“焚くほどは風がもてくる落葉かな-4” | “終末の雨は涙色”改め“再生への風”

“焚くほどは風がもてくる落葉かな-4”

“安らかに眠って下さい 過ちは 繰返しませぬから”、有名な碑文だ。安らかな眠りというフレーズが必然的に呼び出してしまった。この文言は未だになにかと騒がしい議論の中にある。それに決着をつけようなどという野心があるわけではない。ただ、率直な存念を述べてみたくなっただけだ。端的に言おう、私は、その曖昧さにこそこの文言の可能性があると考えている。これに限らず日本語そのものが、主語が曖昧だのなんだのと揶揄されがちなところがある。
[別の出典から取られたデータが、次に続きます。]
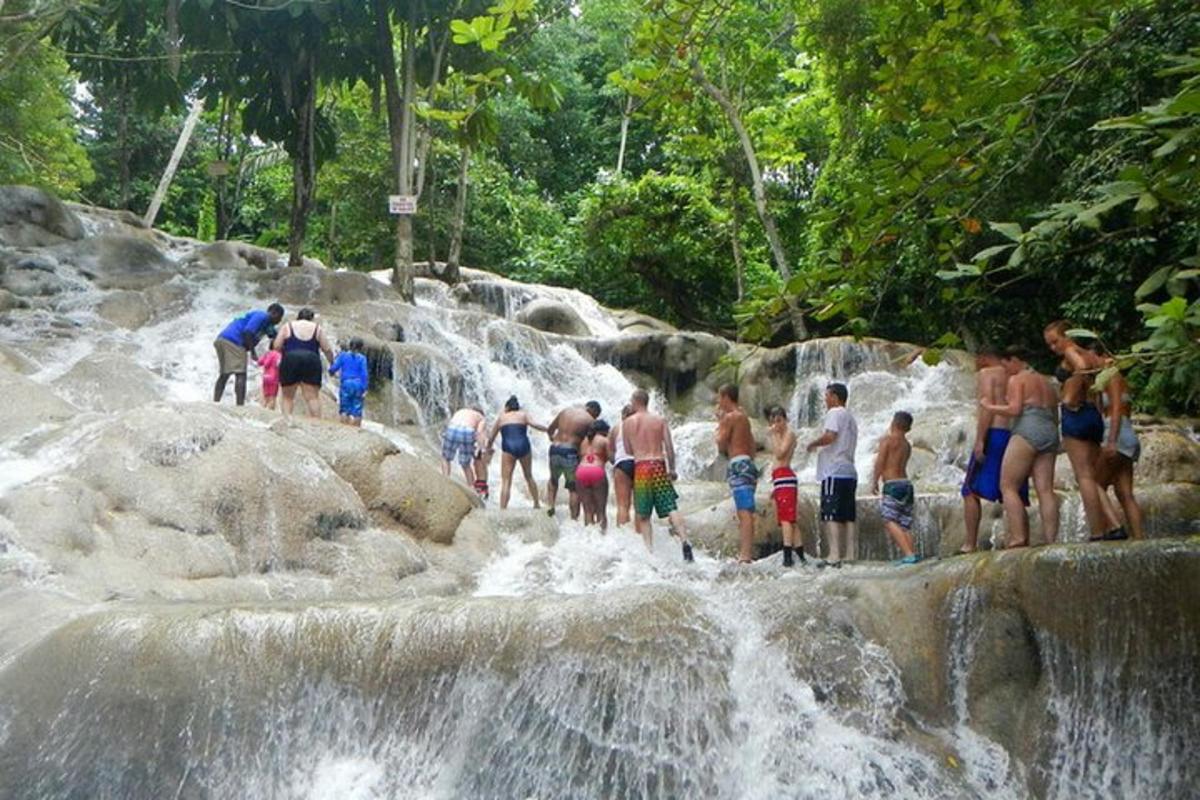 un grup de oameni care stau pe stânci într-o cascadă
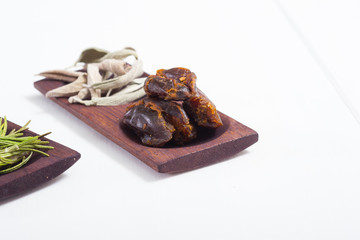 dried fruits and spices on wooden tray, white table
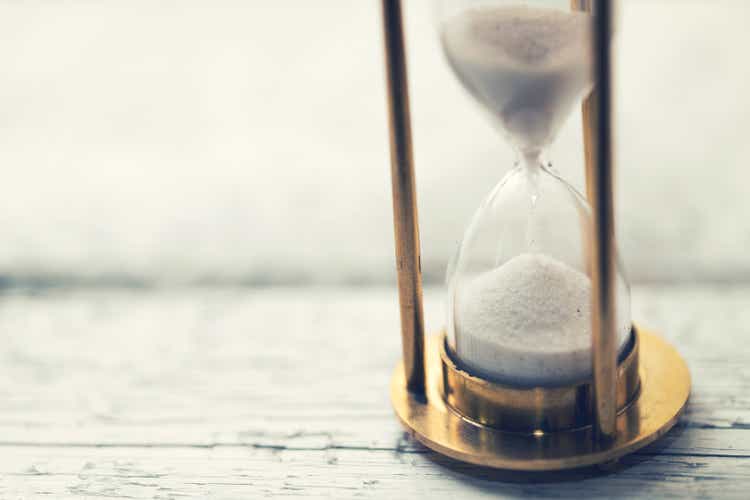 time is ticking - hourglass on the table with copy space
しかし、それと原爆死没者慰霊碑に刻まれた文言とは直接関係ないのではないかと私は考えている。このあたりのことは、余白だとか行間だとか余韻だとか、日本文芸の特異性として方々で言及されているからそちらをご参照いただきたい。この碑文に主語が無いのは、まさに文言の持つ意味を限定させたくなかったからに外なるまい。言い換えれば、読む者がどう読むかによって変化する。そういうものとしてそこに刻まれたということだ。“私は”と読むか、“私たちは”と読むか、 “私たち○○人は”と読むか、“私たち人類は”と読むか、まささに千変万化。ある意味、読む者の人間そのものを量り映し出すといってもいいだろう。その度量、その深さ、その高さみたいなものだ。だから私は、この碑文は、このままでいい、これでいいと思っている。この碑文は、すでに取り返しようのない出来事の罪科を断罪する目的で刻まれたものではない。これを思い立った人々の念頭にあったのは、底知れぬ悔いであり、慟哭であり、懊悩であって、確かにその一部には痛憤もないではなかっただろう。だがそれは極力抑えられたはずだ。この碑文の主語が、特定の国や都市の国民や市民であるのなら、そもそもこのようなものを仰々しく建立する意味などなかったのではないだろうか。この慰霊碑の前に立つ誰もが胸の内で当たり前のように“私たち人類は”と読む日がくることを切望するのでなかったら、そもそも“繰り返さぬ”という誓約などになんの意味があるだろう? 強いられるのでも、命ぜられるのでもなく、自ら心の中で選び取るからこそ花開く。だからそれは敢えて刻まれなかったのではないか? 合掌。